Pacifico, primo ospite dell’altro Sanremo

Pacifico, primo ospite dell’altro Sanremo

(...) Intendiamoci, non ha deluso per la canzone, che era un capolavoro che lasciava i segni sulla pelle, di lacrime e di sangue. Ha deluso perchè era talmente emozionato da non riuscire a cantare. L’uomo giusto al posto sbagliato.
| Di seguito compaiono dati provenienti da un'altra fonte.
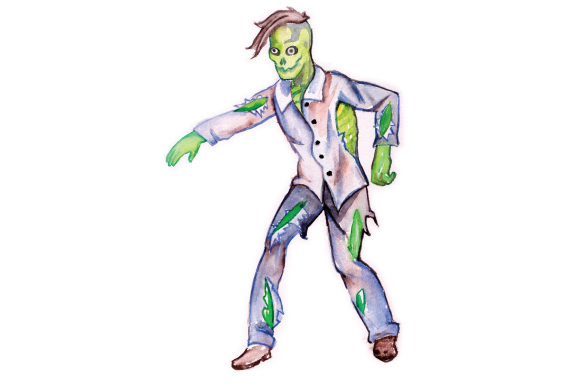 Zombie in Watercolor: A Halloween Design Asset Review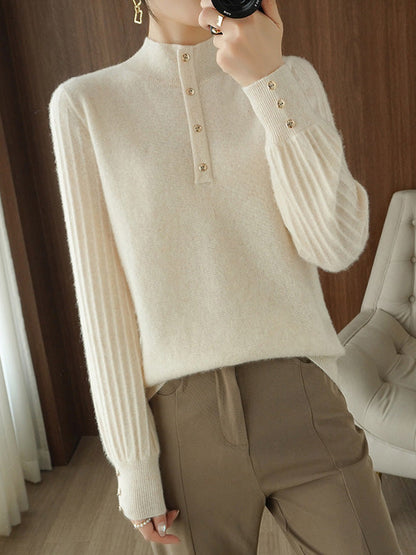 Casual Puff Sleeves Long Sleeves Solid Color Half Turtleneck Sweater Tops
Invece, l’habitat ideale di Pacifico è l’altro Festival, il nostro. Perchè, di fatto, la sua carta d’identità musicale, che annunciava nella canzone d’esordio («Gino, papà napoletano, un quarto brasiliano, Pacifico, Milano»), va assolutamente aggiornata, con un riferimento alla Liguria. Perchè, di fatto, Dolci frutti tropicali, lo straordinario terzo album di Gino, ha la sua anima più vera in Liguria. Anche se, come avete potuto vedere in prima pagina, il quadro onirico di Tanino Liberatore, uno dei più grandi disegnatori italiani, non raffigura propriamente le nostre riviere.
Eppure, Dolci frutti tropicali è ligure, ligurissimo. In parte perchè i collaboratori che firmano il disco escono dalla squadra che ha accompagnato Fabrizio De Andrè, da Piero Milesi che dirige gli archi ad Adele Di Palma che, con la sua Cose di musica, cura con amore artigianale i tour di Gino, così come curava quelli di Faber.
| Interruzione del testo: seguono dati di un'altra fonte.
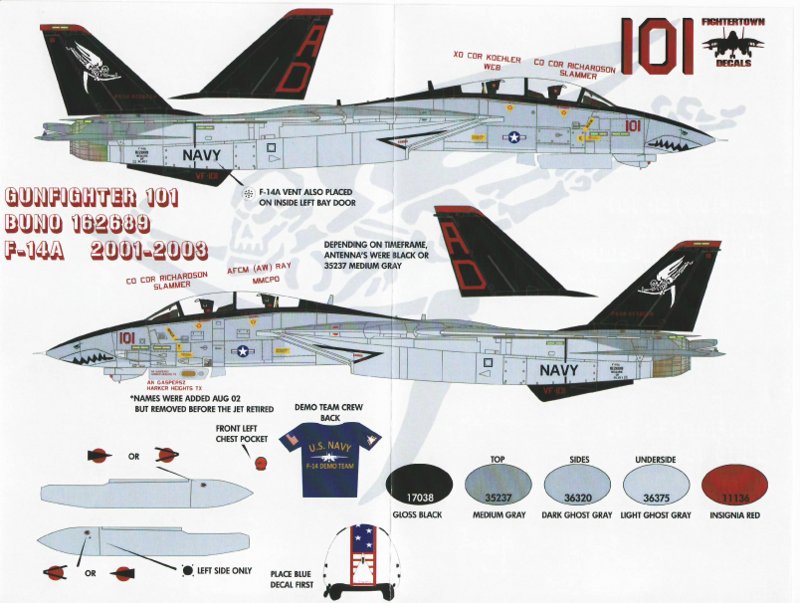 Fightertown Decals FTD32005: F-14A/B/D VF-101 Grim Reapers | Large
In parte perchè, materialmente, molte canzoni sono nate l’inverno scorso sulle nostre coste. A Lerici, Bonassola, Levanto. Deiva Marina, soprattutto. Lo racconta lo stesso Pacifico: «Nell’ottobre del 2004 - con la botta di Sanremo ancora calda - ho riempito la mia macchina di strumenti, il cane sul sedile anteriore e mi sono trasferito per sette-otto mesi in diverse località balneari. Nel senso del mare d’inverno. C’era tanta Liguria: abitazioni con l’aria trascurata e in disuso delle case di mare durante i mesi invernali, circondate da piccoli giardini aggrovigliati e arruffati in cui svettavano palme enormi.

Piccole città e quartieri, luoghi sospesi, in attesa, con le piante che aspettano di arrossarsi, l’acqua ghiacciata lungo i tubi delle docce degli stabilimenti balneari, case e ringhiere scrostate, tutto umido e arrugginito. E ci sono spesso binari e piccole stazioni; e cielo aperto e molti aeroplani; e pinete, e animali nascosti; molta pioggia e nessuno per strada...». Il mare d’inverno, la Liguria.